Weitgehend unbeachtet von der Öffentlichkeit hat die EU-Kommission 2008 begonnen, das EU-Saatgutverkehrsrecht zu überarbeiten. Die Änderungen sollen Ende 2010 in Kraft treten. Unter der Bezeichnung »Better Regulation« will sie beim Saatgutrecht Bürokratie abbauen und die Gesetze vereinheitlichen. Zwölf Richtlinien regeln bisher den Saatgutverkehr in der EU. Jedes Mitgliedsland setzt sie unterschiedlich um.

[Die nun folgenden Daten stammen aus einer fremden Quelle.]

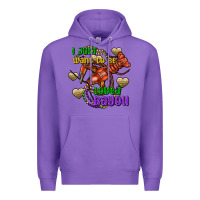 Purple Crawfish i just want to be loved bayou Premium Hoodie - FaDigitalArtStudio
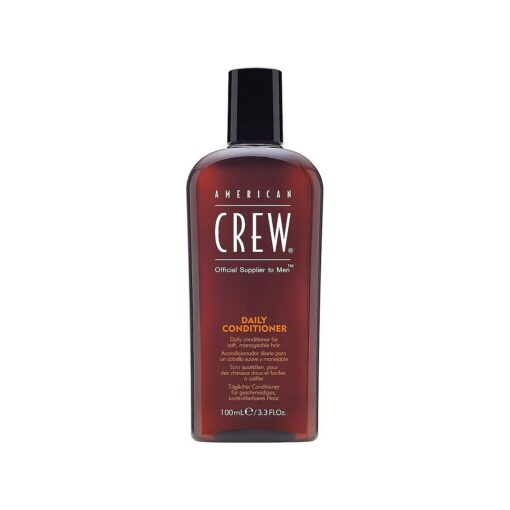 Men 's Conditioner by American Crew, Daily Conditioner for Soft, Manageable Hair, Naturally Derived, Vegan Formula, Citrus Mint, 3.3 Oz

Die EU übertrug die Evaluation der derzeitigen Gesetzgebung privaten Firmen unter Leitung des Consultingbüros »Arcadia«, das bereits mehrfach für die Gentechnik-Industrie tätig war.Nach Inkrafttreten der ersten Saatgutverkehrs- gesetze in den 1960er Jahren hat das internationale Business den Saatgutmarkt entdeckt. Inzwischen kontrollieren die zehn führenden Saatgutkonzerne − unter ihnen Bayer, Monsanto, Syngenta, Limagrain − 67% dieses weltweiten Marktes. Sie üben auf die Änderungsvorhaben der EU entscheidenden Einfluss aus.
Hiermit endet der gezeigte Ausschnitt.